Chris Kranky

Recent Posts


Amazon Web Services for WebRTC? Y/N

Chris KoehnckeChris Koehncke

icon_cloud_servicesMany folks looking to implement communication services ask whether they can host this in PaaS environment like Amazon Web Services. The question itself evokes a lot of emotional opinions on both sides of the yes and no response. Often these emotions are based on anecdotal evidence and ultimately “it depends” is the final answer.

As a partner in a media company, our engineers set about to try and answer that question with some specific testing unique to our application (your own situation may vary). I’m gonna give you the non-technical easy to consume answers we found.

Amazon Web Services (AWS) does not explicitly promise any QOS, however, they do offer hosted Flash Services which do have time sensitive elements (matching audio with a visual for example). However, this is a separate service and not part of the generic AWS offering. Why doesn’t AWS offer a communication sensitive QOS? Maybe because they don’t see the market as large enough (read this in 2 years perhaps and that statement may be false).

There are two elements to consider in a communications exchange. Media and signaling. Signaling, where a human is waiting, can take it’s merry time. A 1/4 second is eons in computer time; however, you and I don’t notice these brief delays (probably cause we’re too busy texting on our phones). However, we will notice media delays of more than 250 msec (1/4 sec for those not on the metric system).

In our testing, AWS was more than acceptable for signalling human communications applications (think voice, video, chat signaling of any sort). Hence, if you’re trying to run an IP PBX or node.js signaling element at AWS (or their competitors) you’ll be fine. Have a nice day.

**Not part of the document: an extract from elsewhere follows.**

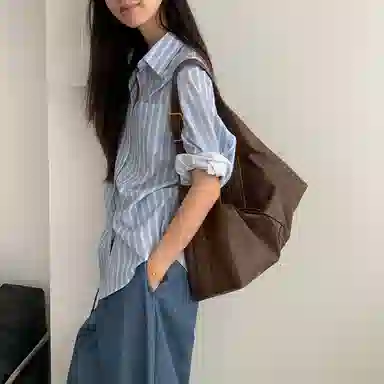 西木汀 向野 小众设计高级感通勤百搭简约 牛皮 斜挎单肩包 常规 女款 多色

Media is a different story, particularly if the media is having to hairpin thru AWS. For a WebRTC P2P service, there is no impact to the service. But what about where you want a WebRTC TURN service where media (voice or video) has to go up to the server and back down to the other side or some mixing application.

Our application test was purely for a voice application where the media would indeed hairpin thru the server. We set up a test rig using Iperf, an open source TCP/UDP bandwidth tool. Is it the best? No, but it had the right price (free) and close enough is close enough. We fired up remote drones on other machines on the public Internet and started hammering away.

What we were looking for in simple terms was a breaking point where the AWS servers would consistently have a media failure (meaning either starting losing or delays packets such that a human would notice, metric or not).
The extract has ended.